München/Berlin, 22. Juli 2015 (ADN). Im sogenannten NSA-Ausschuss des Deutschen Bundestages wird Gift des Misstrauens versprüht. Die Geheimdienst-Kabale wird personifiziert durch  das Ausschuss-Mitglied Roderich Kieswetter von der Christlich-Demokratischen Union (CDU). Wie die „Süddeutsche Zeitung“ (SZ) am Mittwoch berichtet, zieht sich der ehemalige Obmann des Gremiums ganz aus dem Untersuchungsausschuss zurück. In dem mit „Verwirrung komplett“ überschriebenen Beitrag wird der Rückzug darauf gemünzt, dass Kiesewetter von einem Mitarbeiter des Bundesnachrichtendienstes (BND) gewarnt worden sein soll.

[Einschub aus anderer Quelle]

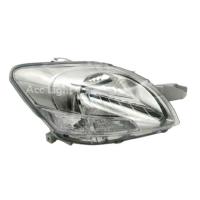 ราคา ไฟหน้า วีออส ปี2007 2012 TYC ราคาต่อข้าง (19732789349)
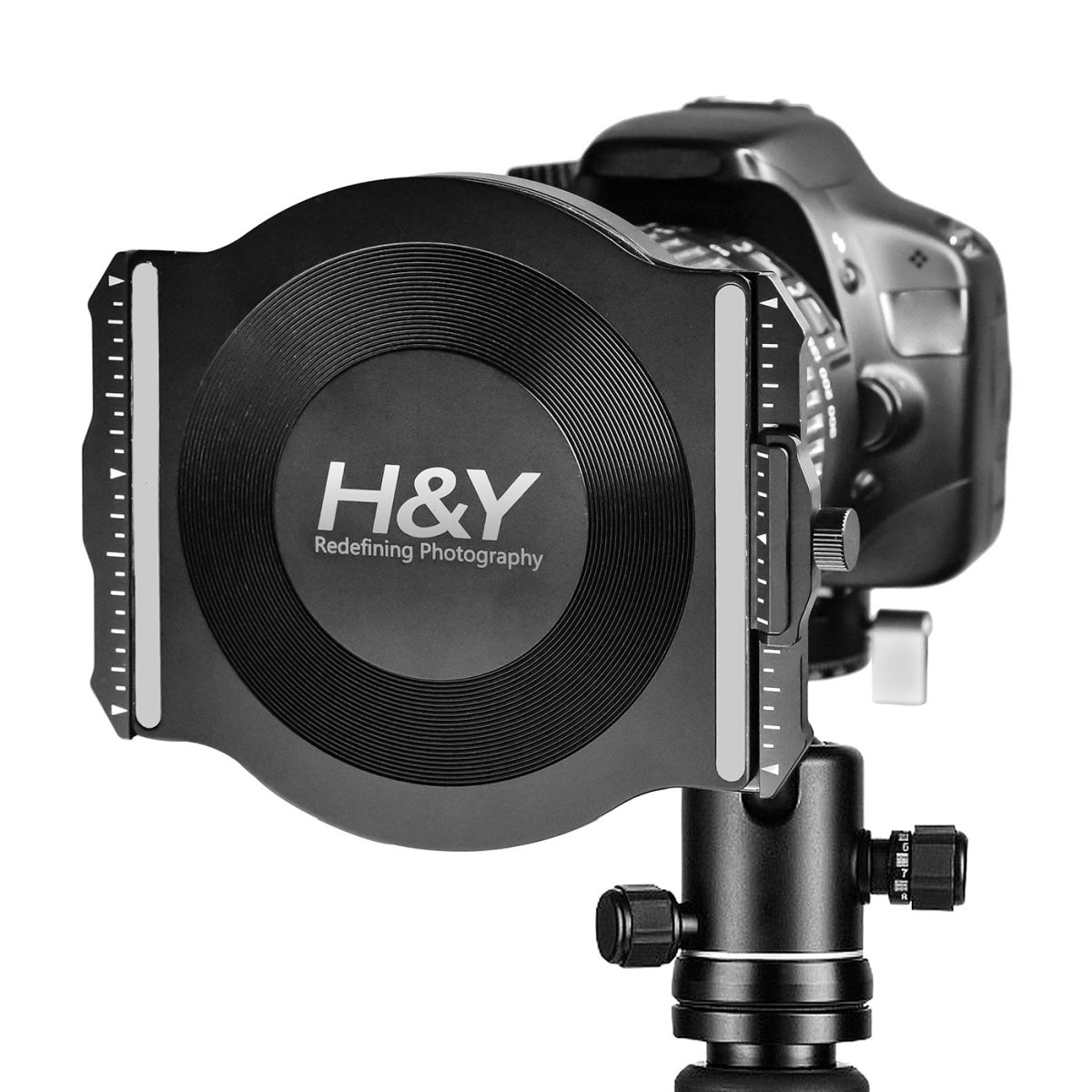 H&Y Magnetische Abdeckung für Filterhalter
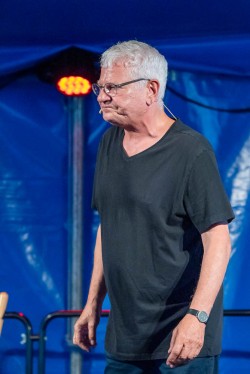 Werner Koczwara "Am Tag, als ein Grenzstein verrückt wurde"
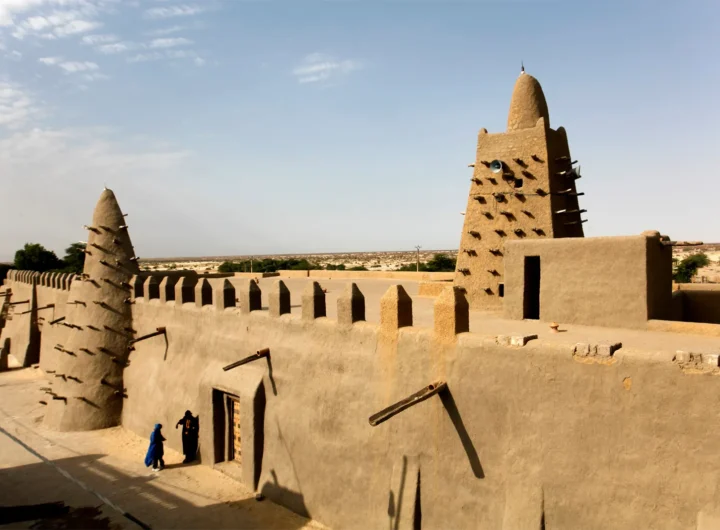 The History of Mali From the Great Mali Empire to a Modern African Nation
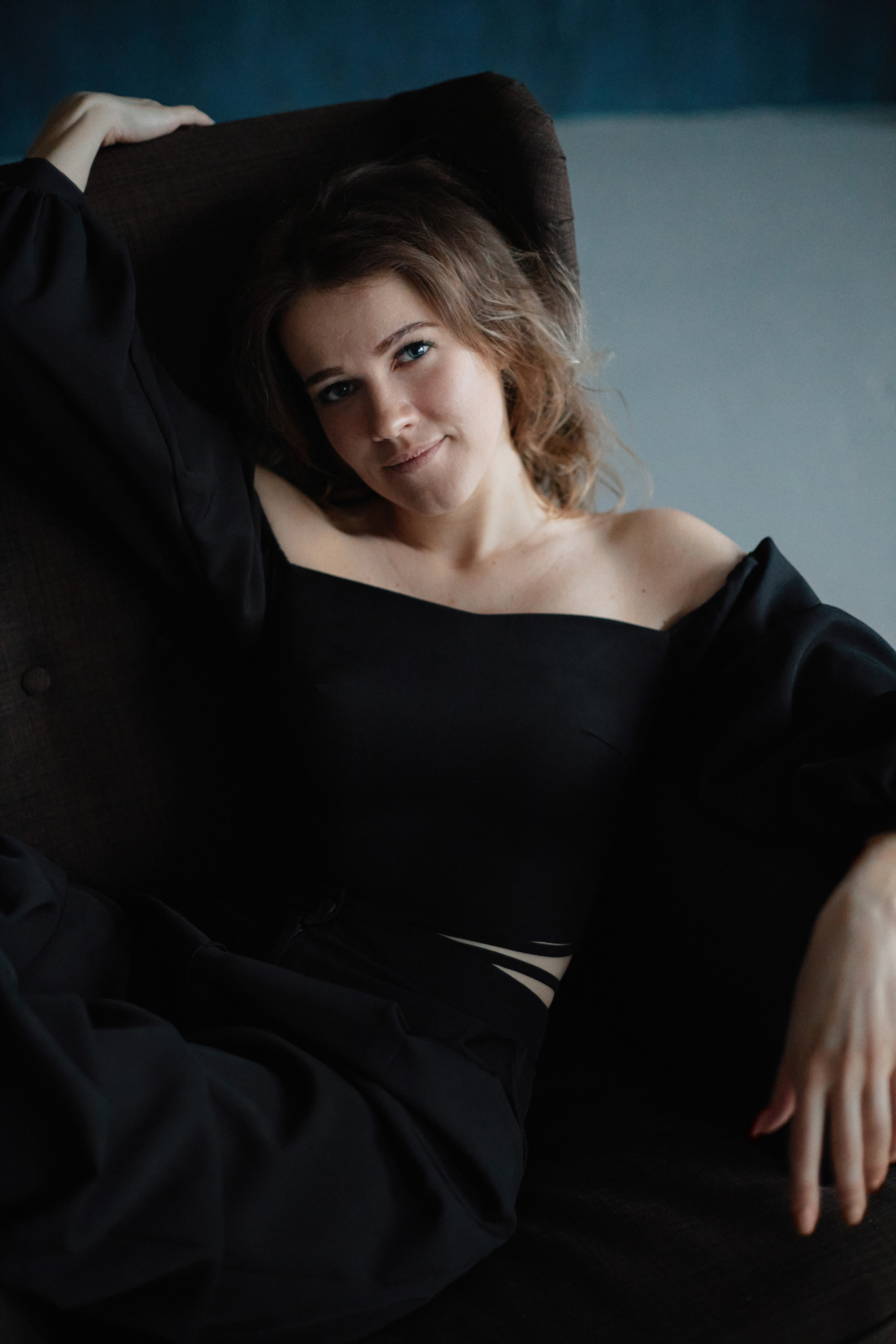 50 оттенков Оли :). Фотограф Юлия Андреева. Нижний Новгород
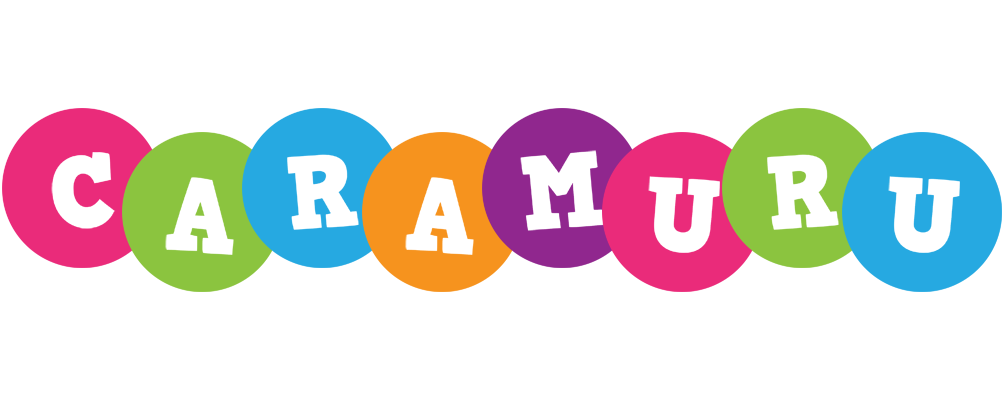 Caramuru friends logo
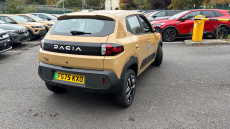 Dacia Spring 27kWh Expression 65 48kW 5dr Auto Electric Hatchback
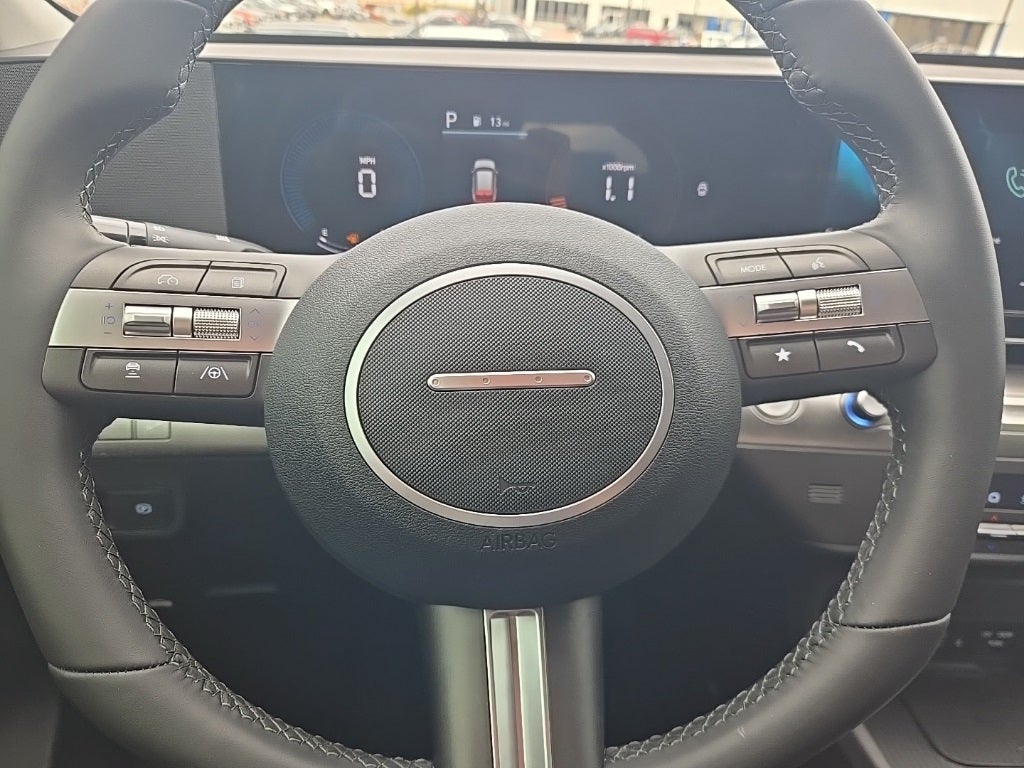 2026 Hyundai KONA SEL Sport FWD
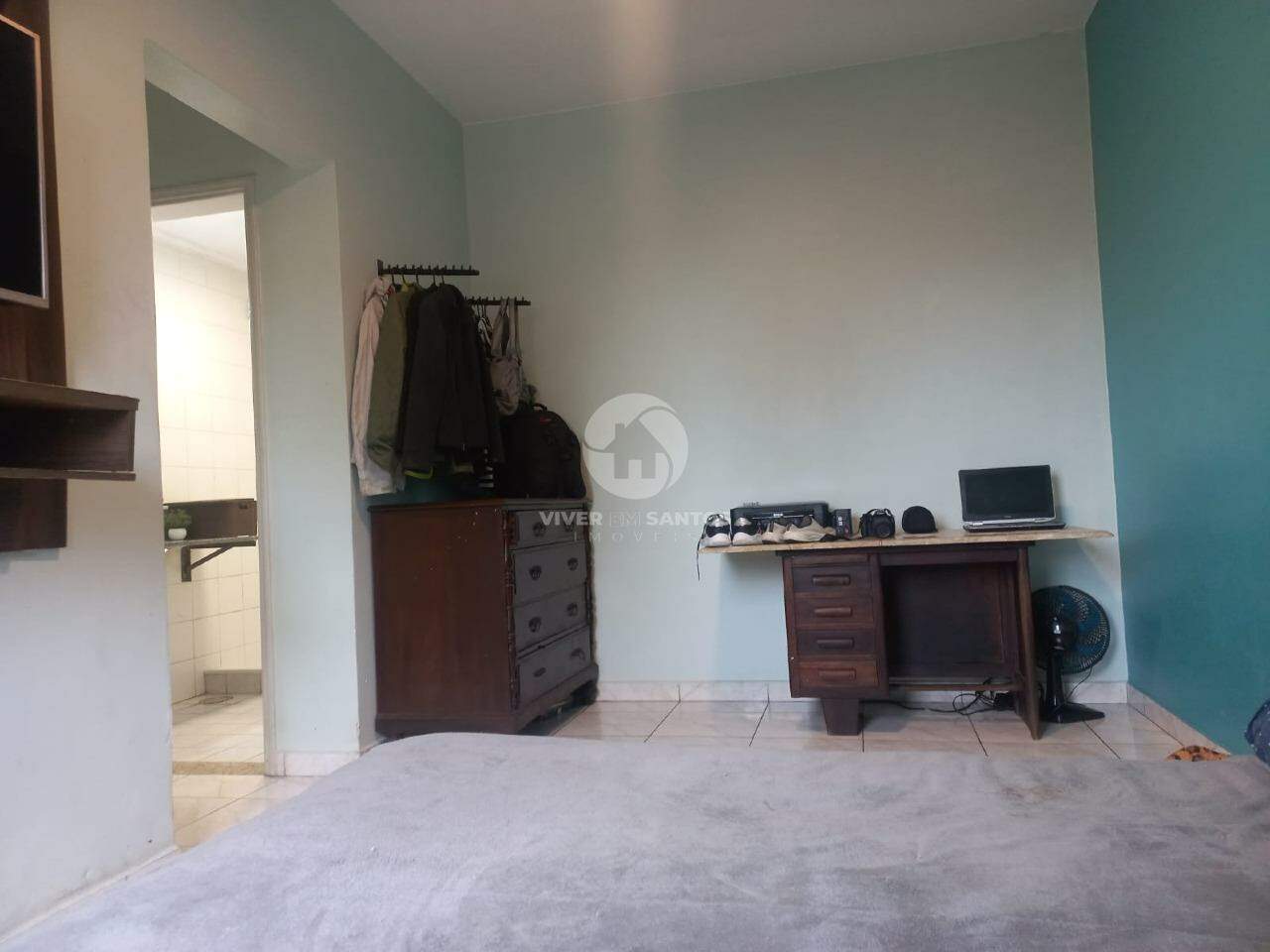 Apartamento à venda, 2 quartos, 1 suíte, 1 vaga, Aparecida - Santos/SP em Aparecida, Santos — foto 20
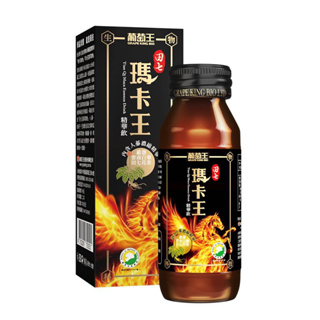 葡萄王 田七瑪卡王精華飲60ml 液態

Ursprünglich hatte es geheißen, dem CDU-Mann – gleichzeitig Präsident des Reservistenverbandes der Bundeswehr – sei Vorsicht im Umgang mit zwei BND-Mitarbeitern innerhalb der Führungsspitze eben dieser Organisation angeraten worden. Nebulöse Zusammenhänge mit dem russischen Auslandsgeheimdienst werden gestreut und bringen den gesamten NSA-Ausschuss durcheinander. „Räuberpistole“ nennt das Grünen-Ausschussmitglied Konstantin von Notz die seltsamen Vorgänge und Gerüchte. ++ (gh/mgn/22.07.15 – 151)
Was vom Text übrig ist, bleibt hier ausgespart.